Instead of objectively increasing the range and roots of Black Power, we held up our fists for the six o'clock news and shouted "right on" or "habari gani" and went right on making the same mistakes. And one of the most damaging debates that occurred during this time was the one that emanated from the false distinction between Revolutionary Nationalism and Cultural Nationalism. It was unnecessary, debilitating and time and energy consuming. But it was as much our fault (the US leadership) as anyone else, for we never issued a comprehensive statement on just what Cultural Nationalism was and this left it open to be misinterpreted and manipulated by anyone who wished to and even those who didn't want to but had no choice in the absence of definitive information. We make this open admission in response to the requirement imposed by our history as well as future movement. For as we have said until we admit, we cannot alter and until we alter we cannot advance and realize our collective aspirations. The scope and content of our struggle-if it is to be successful, real and not reflective of an unproductive past-must be this: 1) to overturn ourselves, 2) struggle against our collective weaknesses and 3) defy and defeat the enemy-in this order of importance and through this progression of levels of awareness and increasing strength.

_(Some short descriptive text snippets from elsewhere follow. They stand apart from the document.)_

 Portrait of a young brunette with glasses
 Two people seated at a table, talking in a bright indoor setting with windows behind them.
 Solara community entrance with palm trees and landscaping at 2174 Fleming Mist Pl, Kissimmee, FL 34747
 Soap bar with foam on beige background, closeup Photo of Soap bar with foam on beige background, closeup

We say the debate over what was erroneously called revolutionary nationalism vs. cultural nationalism was false, because the division in reality does not exist. Revolution, like national liberation, as Cabral says, is an act of culture, an organized political expression of a given culture. And if, as has been admitted in revolutionary circles around the world, nationalism is a precondition for revolution, it is culture that is primary vehicle for achieving this national awareness and commitment.

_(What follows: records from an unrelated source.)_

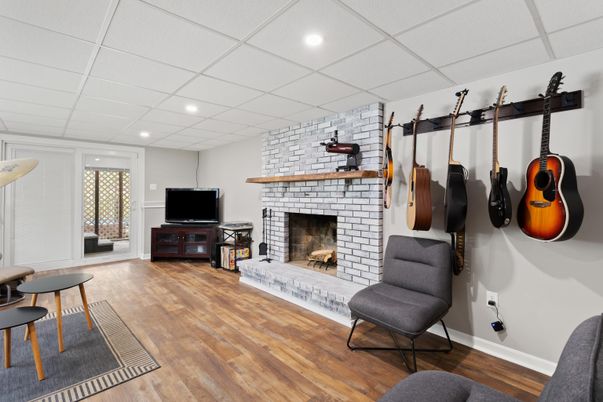 Fireplace, Interior, Piano, Recessed Lighting, Stone Walls, Wood Texture Flooring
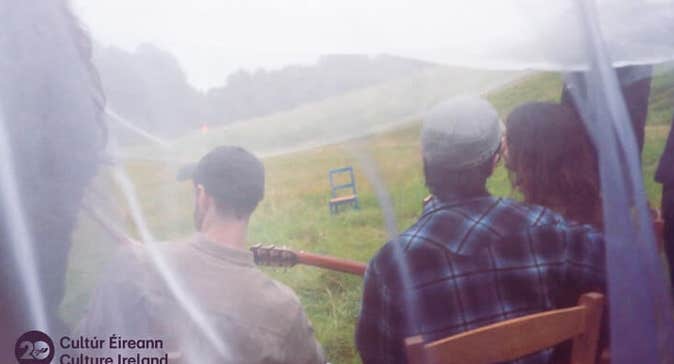 rear view of 3 people seated on wooden chairs in a grassy field, viewed through white net curtain.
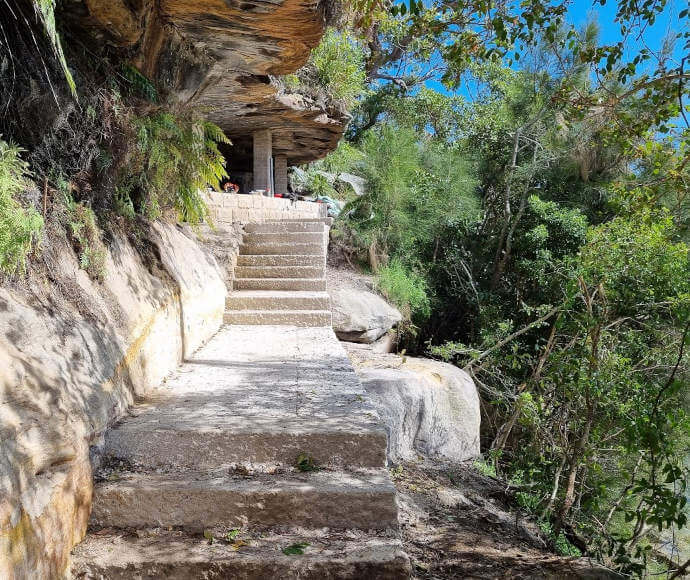Steps cut into stone with small ferns and other foliage beside the path; works underway, Wattamolla Beach Track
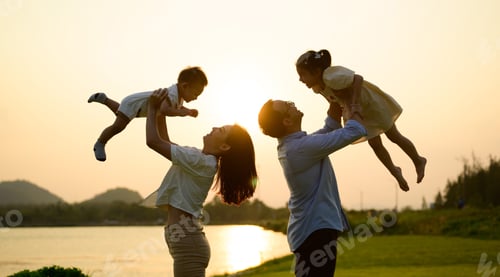 Preview: Happy father and mother holding children playing together in park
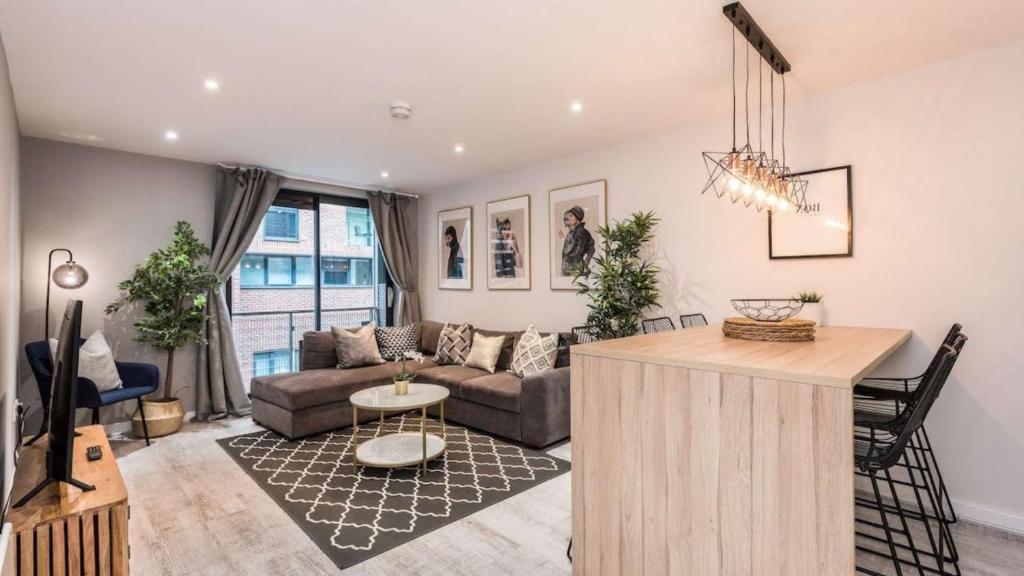a living room with a couch and a table at Stylish Liverpool Apartment with Parking & Balcony in Liverpool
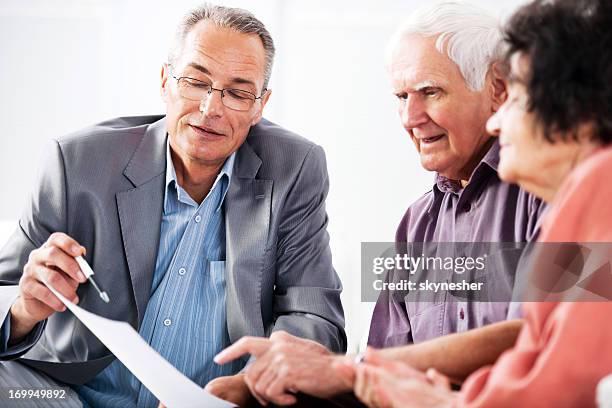 senior couple meeting with financial advisor - lawyer explaining stock pictures, royalty-free photos & images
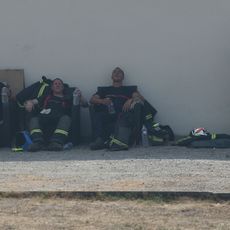 Des pompiers se reposent avec des bouteilles d'eau pendant les opérations de lutte contre un incendie de forêt près de Lanton, dans le sud-ouest de la France, le 29 juillet 2026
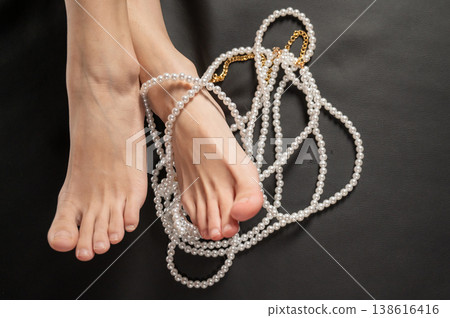 Foot fetish. Bare female feet with pearl beads. Foot fetish. Bare female feet with pearl beads. 138616416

But culture was confused conveniently or ignorantly with song and dance on one level and manifestations of African origins on another. It was not conceived as the crucible in which the struggle took form and the context in which it ultimately succeeded and blossomed into continuous reconstruction. When we talk of cultural revolution, we're talking essentially about cultural reconversion, the conscious and programmatic restructuring of attitudes and relationships that aid us in our aspiration for national liberation. We are recognizing and responding to the fact that the first resistance in any national struggle is cultural resistance and that as we said elsewhere, the crucial struggle is to win the minds of our people, for if we lose this struggle we cannot hope to win the political one. Also, what we were and are about is the task and responsibility of distinguishing between popular and national culture, between the fluid everyday culture of groups within a people and the culture of a nation, conscious of and committed to its role and responsibility in its own liberation and its contribution to human history. The essential character of a culture is determined by its values, for culture is simply that, a system of values reflecting ways of doing and looking at things on seven levels, i.e. in terms of mythology (religion), history, social organization, economic organization, political organization, creative motif (art, music, literature and technology) and ethos.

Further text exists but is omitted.